Dynamic parallelism is a nice conceptual candidate for the nested loop

for each octree node o
for each sample s in the octree node o
do things

So one Kernel launch for all nodes in octree and inside the kernel one kernel launch for all samples inside the node. Yes but my GTX-Titan is kneeling on this concept. Can an NVIDIA appropriate person come in contact with me or start a conversation inside here?

What my experiments show is that its faster doing the second for serially rather than spawning a kernel inside. This is bad very bad. Also the process freezes the driver. So my conclusion is that dynamic parallelism is not there yet where it needs to be…I think NVIDIA should come in contact with me to give them the program under disgresion policies of copyright. Or is there a way to come in contact providing feedback in a constant basis rather than using forums? For instance enrolling as a CUDA developer?

[Note: I have no hands-on experience with dynamic parallelism]

As far as I know, on currently shipping hardware the latency of launching a kernel from the device is roughly the same as launching it from the host. The latency of launching a kernel from the host is on the order of 4-5 microseconds. So I suspect the ratio of kernel launches to “do things” is too high to yield any benefit for your use case.

You are welcome to file a bug, attaching your code as a repro app. The bug reporting form is linked from the registered developer website. Signing up as a registered developer should be painless, the applications are typically approved within one business day.

I think that the scheduler needs improvement…I will profile it with NSIGHT to see the timings

Also lets hope the new NSIGHT 3.2 can debug kernel within kernel launches…

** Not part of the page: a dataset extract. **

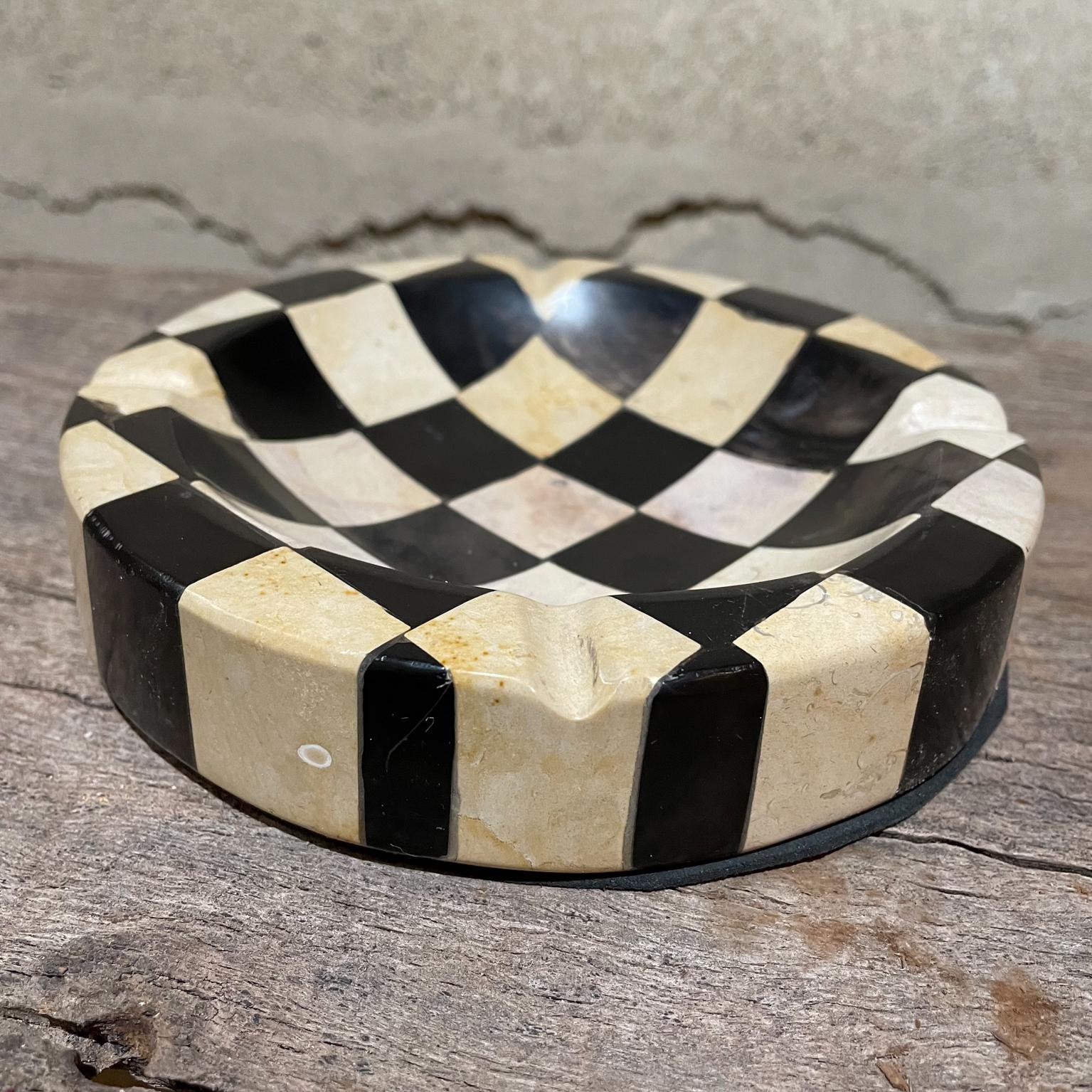 checkered ashtray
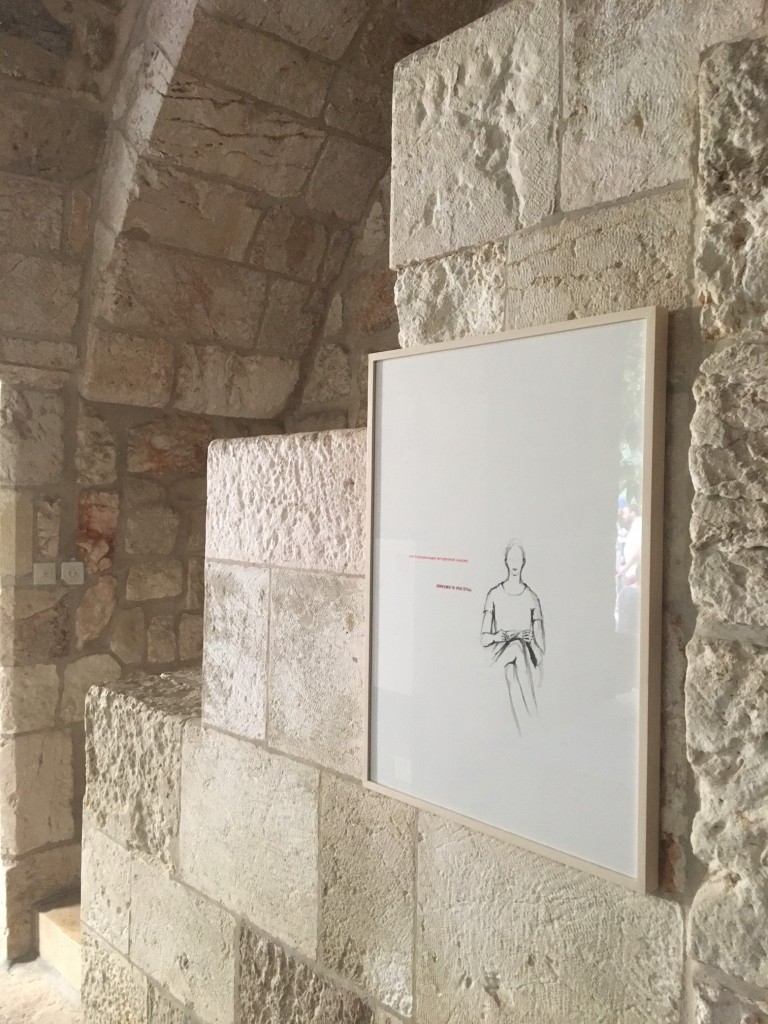 Ausstellungsansicht Erlöserkirche Jerusalem, Brigitte Waldach, 10 Comandments, 2014 Courtesy Artist, Foto Alexander Ochs 1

By the way for NSIGHT and Dynamic Parallelism you need the display handled by a different GPU. Makes my decision wise to buy the i7 with the HD4000…
So what you need is a Motherboard with VGA capabilities and an Intel with a GPU.
I am using RealVNC to connect to my server since I have the computer at my office in the University. The VNC server is tied to the HD4000 leaving the GTX-Titan just for CUDA. Its a perfect environment. I am glad I have finally built a server to see how much Dynamic Parallelism can enter into one of my applications.

One point is that I do not want to deter anyone from using Dynamic Parallelism. Just take it easy with it. It can actually work in my case also but I have to do some further processing to gather all the results and apply only once the kernel inside each node. Just take it easy is my advice. There is a certain limit you can reach and then it becomes counterproductive. It is fascinating to explore these limits and how NVIDIA will gradually overcome these limits…